Touch screen - $265 shipped - lilliput direct through ebay
USB AM/FM tuner - $155 shipped with the adapter cable - http://www.xtronic.be (belgum)
USB Bluetooth - $10 shipped - ebay
USB wireless - not ordered, no more than $20 shipped - ebay
GPS - GR-253 (I think) - $65 shipped - Ebay, GPS4us I think is the sellers name
Sound card - Azuntech HDA - $85 - newegg
RUX-c701 - $160 shipped - used at caraudio.com
wood, paint, filler, epoxy - $10 total - lowes
Total, not including vagcom, and a third usb device which I can't remember:
$1100 - too much...heh
edit: oh yeah, usb extension cables, vga extension cables, another $10 through my place of emplyment.
_Modified by pwnt by pat at 1:47 PM 2-16-2007_


_Modified by pwnt by pat at 1:48 PM 2-16-2007_


----------



## Mill3niumThr33 (Jan 11, 2006)

*Re: (pwnt by pat)*

Nice setup, I do most of my shopping through newegg as well. Getting some stuff from mp3car as well. Look forward to seeing your setup...setup haha


----------



## pwnt by pat (Oct 21, 2005)

*Re: (Mill3niumThr33)*

Ah, but if you look through, the only thing you don't "see" is a painted bezel


----------



## pwnt by pat (Oct 21, 2005)

*Re: (pwnt by pat)*

This is a wiring nightmare. Pics after I get off of work tonight.
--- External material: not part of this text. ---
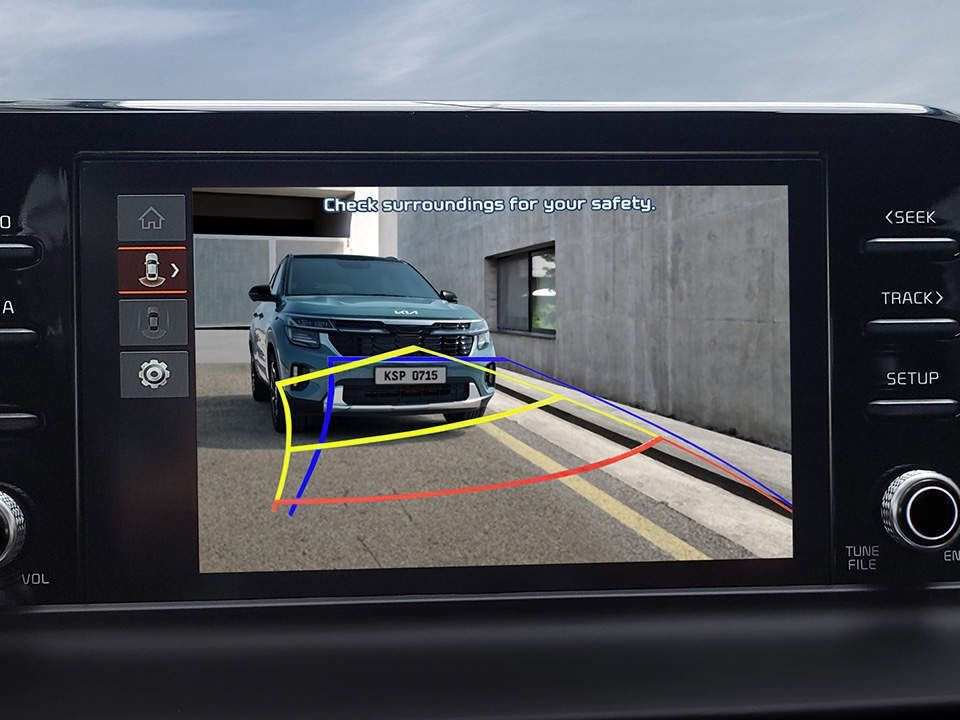 Kia Seltos reverse parking camera display with dynamic guidelines for safer maneuvering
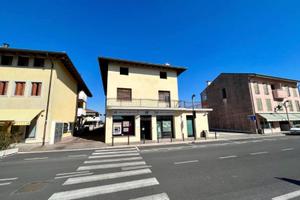 AMPIO FABBRICATO IN CENTRO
The only wires coming out of the face of the computer are the monitor cable. Everything else exits the back of the computer. It looks not too bad. But there's just so many wires. That and the ram on the new mobo is closer to the mounting hole so I had to pop the ram out of the computer, mount the pc, then put the ram back in... pita


_Modified by pwnt by pat at 11:21 PM 2-18-2007_


----------



## xXGti2006Xx (Feb 14, 2006)

looking good man, real good. Im eventually doing something somewhat similar but yet alot different. I can feel your pain with all that wiring. Good job tho!


----------



## pwnt by pat (Oct 21, 2005)

*Re: (xXGti2006Xx)*

give me 20 minutes or so. you'll see....


----------



## Project A2 JTA (Apr 30, 2002)

*Re: (pwnt by pat)*


_Quote, originally posted by *pwnt by pat* »_This is a wiring nightmare. Pics after I get off of work tonight.
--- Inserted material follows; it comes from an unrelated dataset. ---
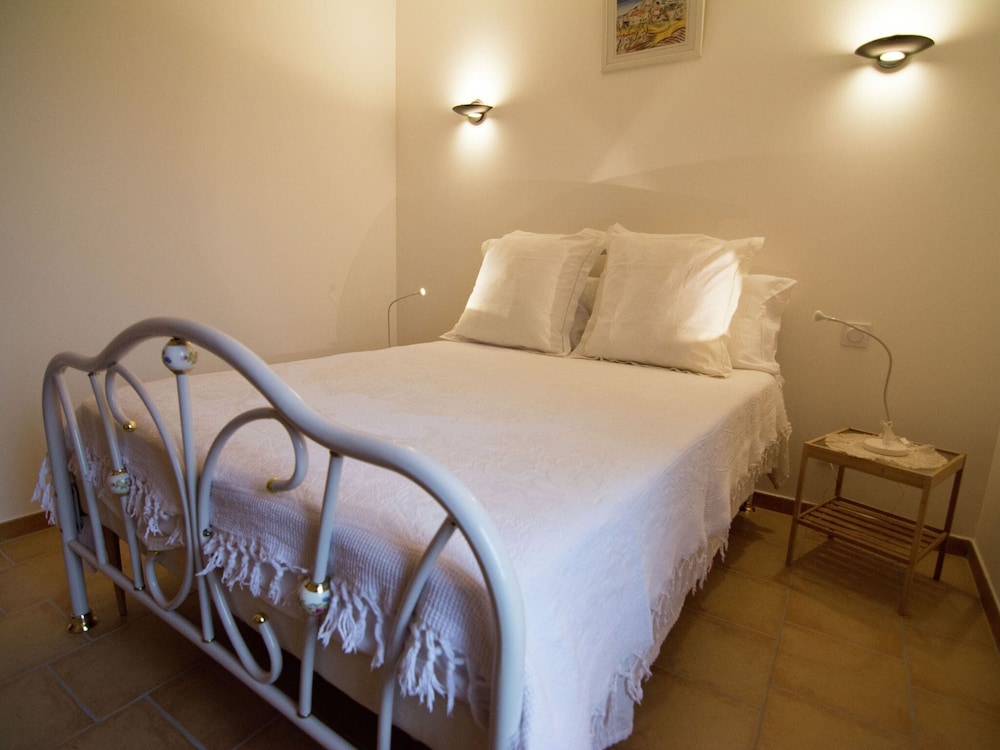 Maison De Vacances Avec Piscine Privée Clôturée - Gard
_Modified by pwnt by pat at 11:21 PM 2-18-2007_

Gotta love that kitchen table workspace!







i do the same thing


----------



## pwnt by pat (Oct 21, 2005)

*Re: (Project A2 JTA)*

You can't trust anyone to do anything for you but yourself... no charged batteries.


_Quote, originally posted by *Project A2 JTA* »_Gotta love that kitchen table workspace!







i do the same thing









You should see the rest of the house. My family LOVES it...

Here's what I could get with what little battery power I had.
























any nothing is plugged in except the ground and remote to the processor and computer. The +12v isn't hooked up to the relay since I rewired it today.
In case I forgot to mention it, I took the monitor off of switched power from under the dash and am now running it on a reglated 12v line from the power supply. Should be a little safer, plus the screen will stay on to show the progress of the entering hibernation stage.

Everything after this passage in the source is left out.